§ COLLECTED DATA:
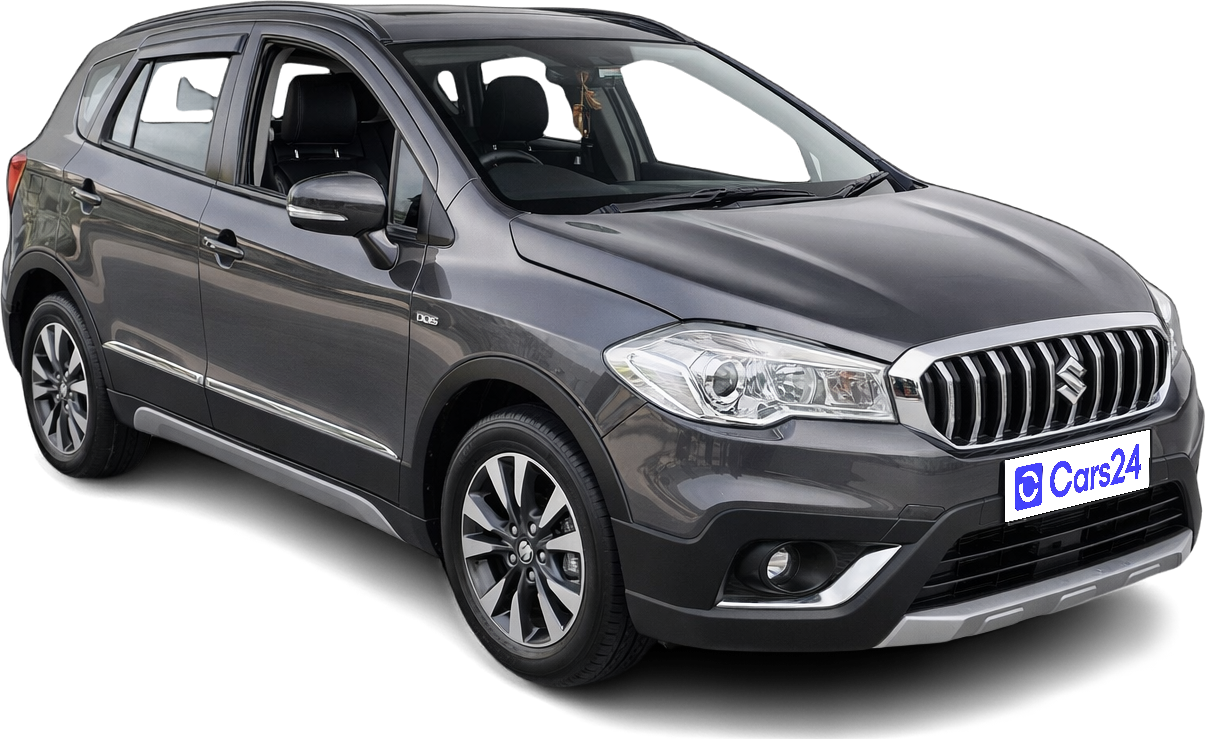 2018 Maruti S Cross - SUV - Diesel - Manual - ₹5.82 lakh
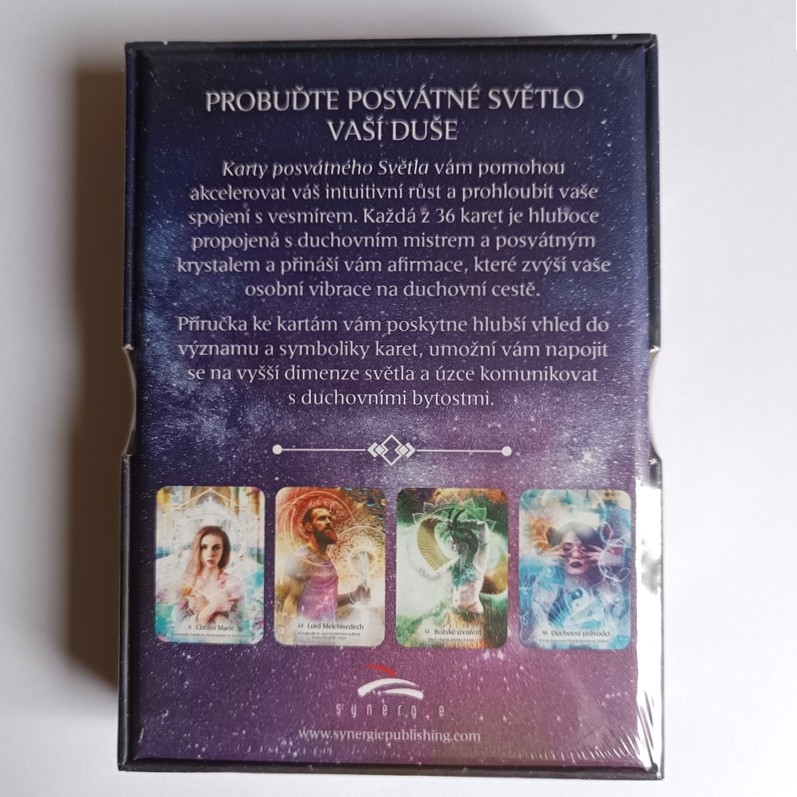 Karty posvátného Světla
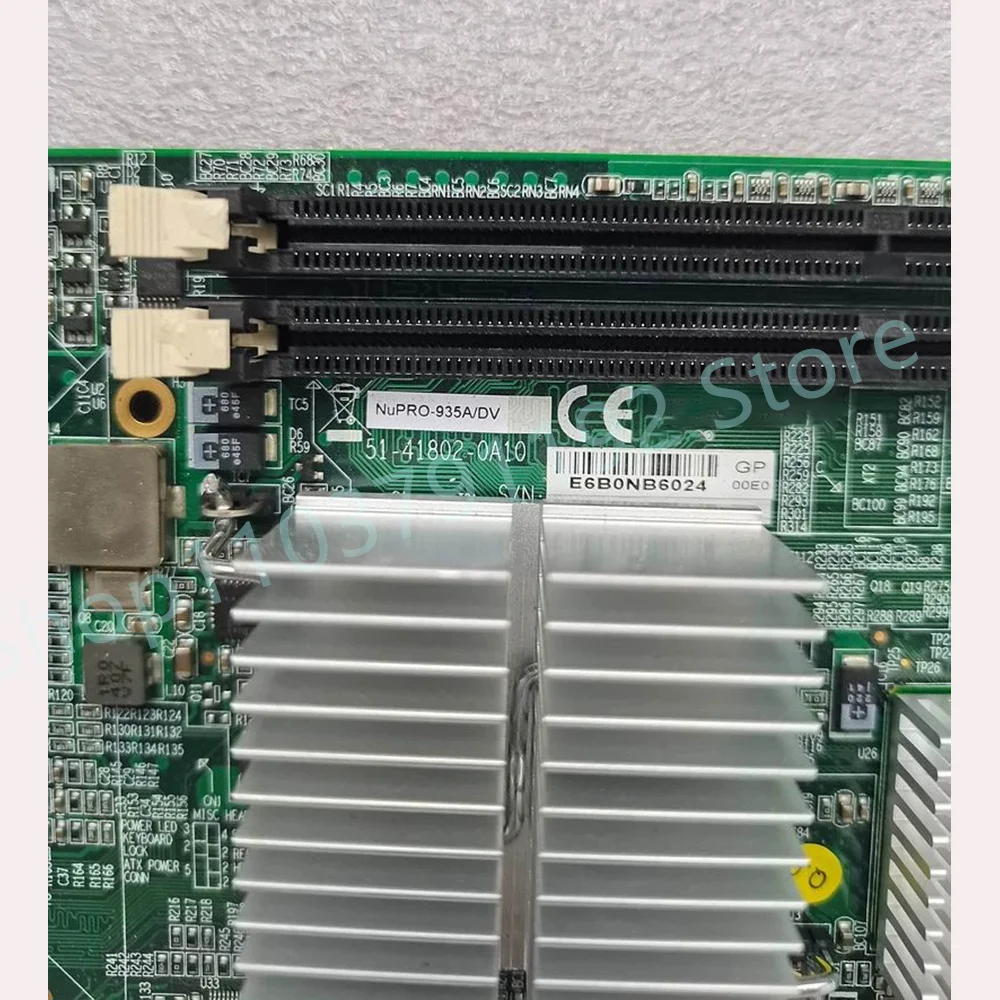  Industrial Control Motherboard NUPRO-935A/DV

§ EXERCISE: Word-for-word repeat, images excluded: return all the data.

§ REPLY:
 2018 Maruti S Cross - SUV - Diesel - Manual - ₹5.82 lakh
 Karty posvátného Světla
  Industrial Control Motherboard NUPRO-935A/DV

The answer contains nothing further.